┌──

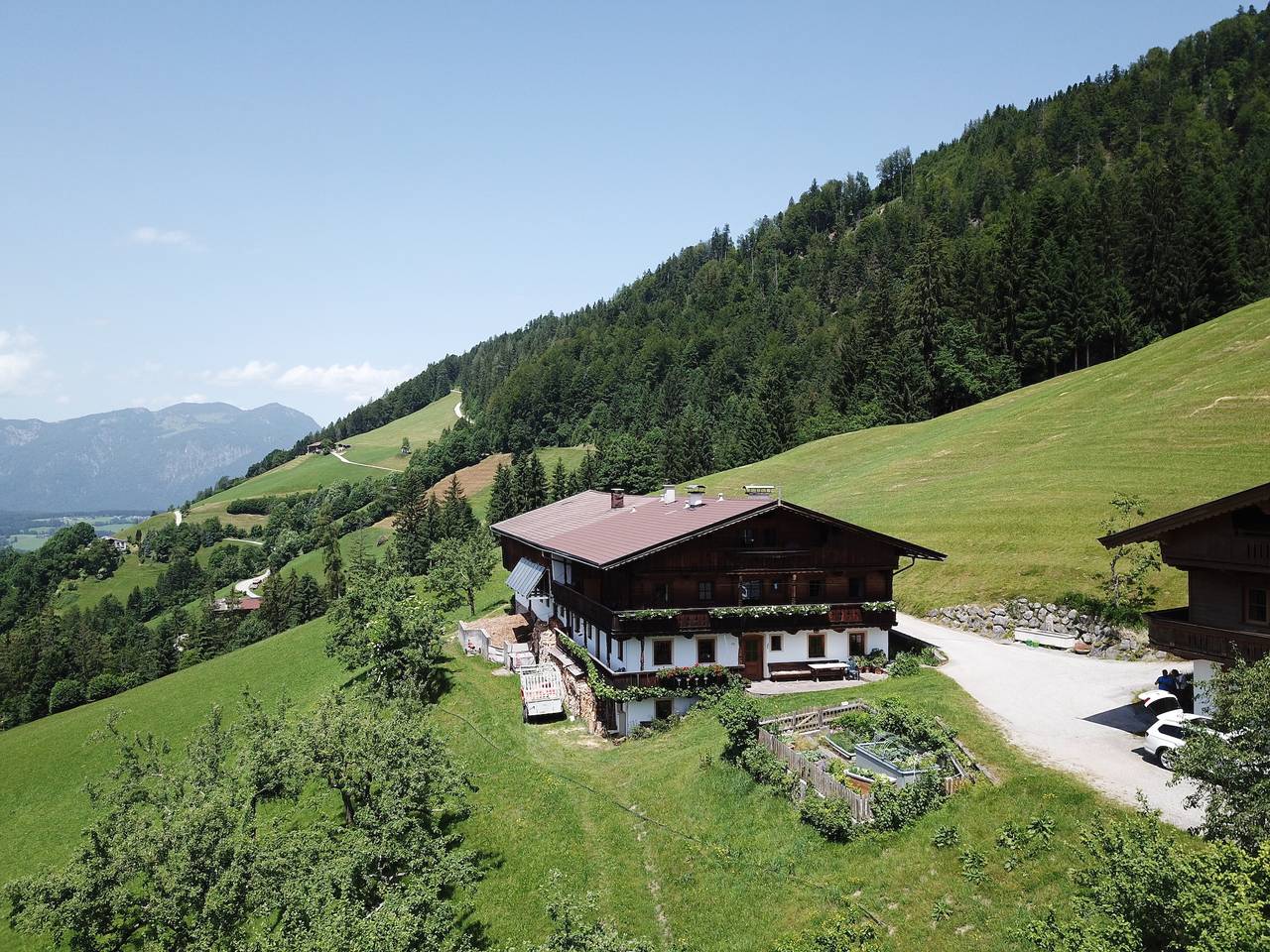 Ganze Ferienwohnung, Wimmers Hundsegghof (Wild001) in Wildschönau, Kaisergebirge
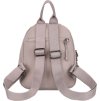 Peterson Malý lila dámský batoh s kapsami na zip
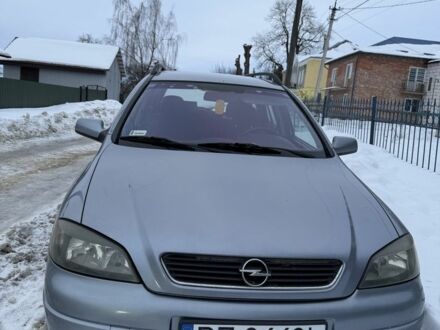 Сірий Опель Астра, об'ємом двигуна 1.7 л та пробігом 310 тис. км за 1350 $, фото 1 на Automoto.ua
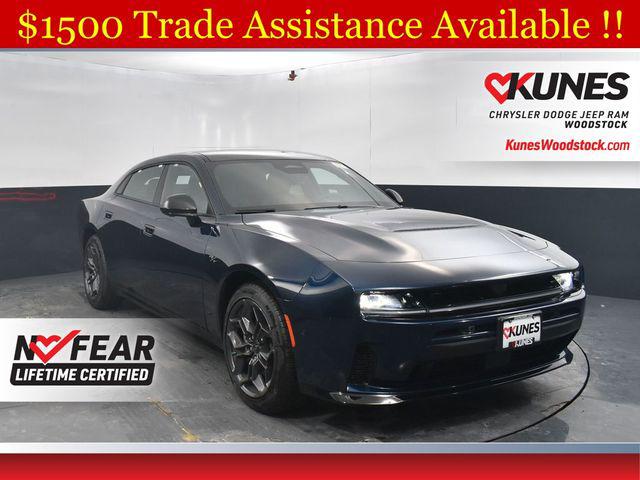 2026 Dodge Charger CHARGER R/T PLUS 4-DOOR AWD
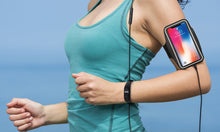 Load image into Gallery viewer, Projectt Fitness Bundle 3-in-1 Fitness Tracker, Armband &amp; Earphones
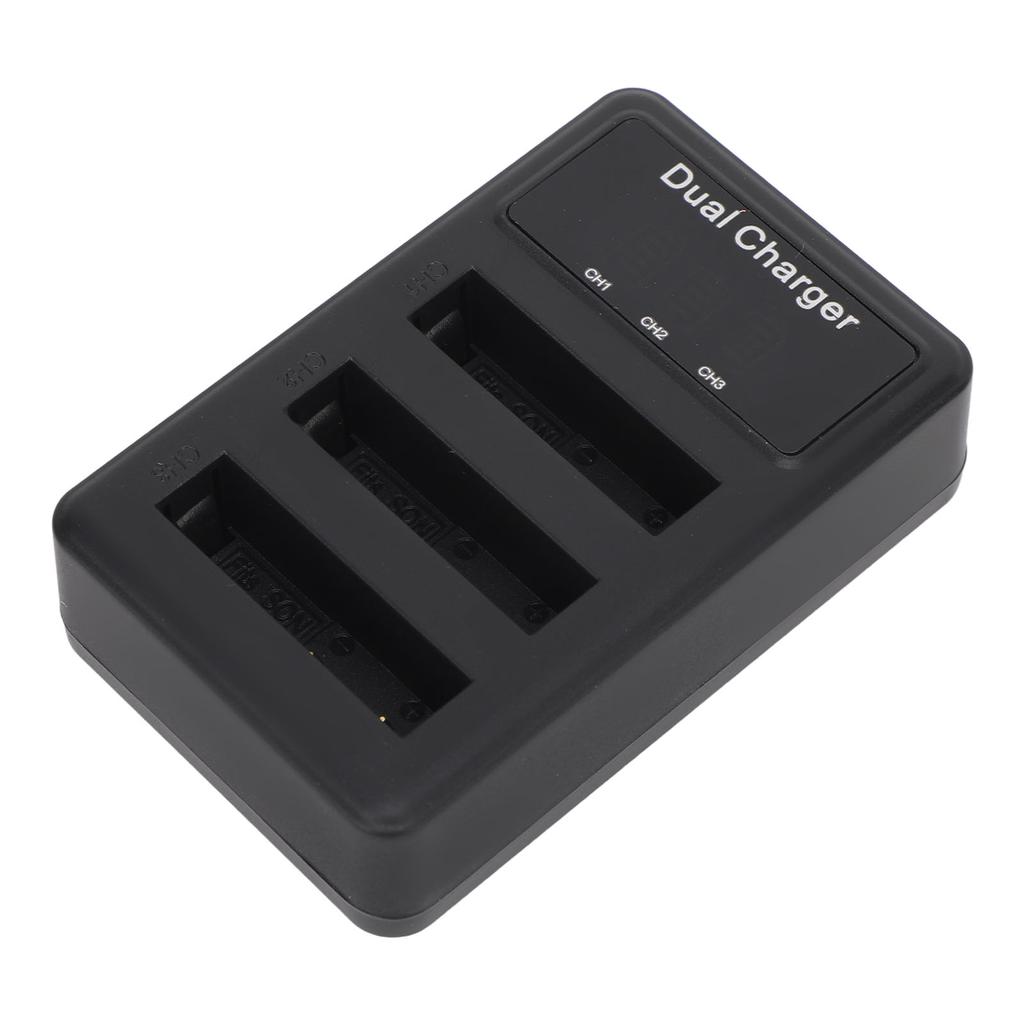 Набор из 3 зарядных устройств для аккумуляторов NP BG1 Micro USB Зарядное устройство для аккумуляторов цифровой камеры с ЖК-дисплеем питания для путешествий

└──

> [What is needed] Quote each record exactly as it stands, minus the pictures.

> [Final answer]
 Ganze Ferienwohnung, Wimmers Hundsegghof (Wild001) in Wildschönau, Kaisergebirge
 Peterson Malý lila dámský batoh s kapsami na zip
 Сірий Опель Астра, об'ємом двигуна 1.7 л та пробігом 310 тис. км за 1350 $, фото 1 на Automoto.ua
 2026 Dodge Charger CHARGER R/T PLUS 4-DOOR AWD
 Load image into Gallery viewer, Projectt Fitness Bundle 3-in-1 Fitness Tracker, Armband &amp; Earphones
 Набор из 3 зарядных устройств для аккумуляторов NP BG1 Micro USB Зарядное устройство для аккумуляторов цифровой камеры с ЖК-дисплеем питания для путешествий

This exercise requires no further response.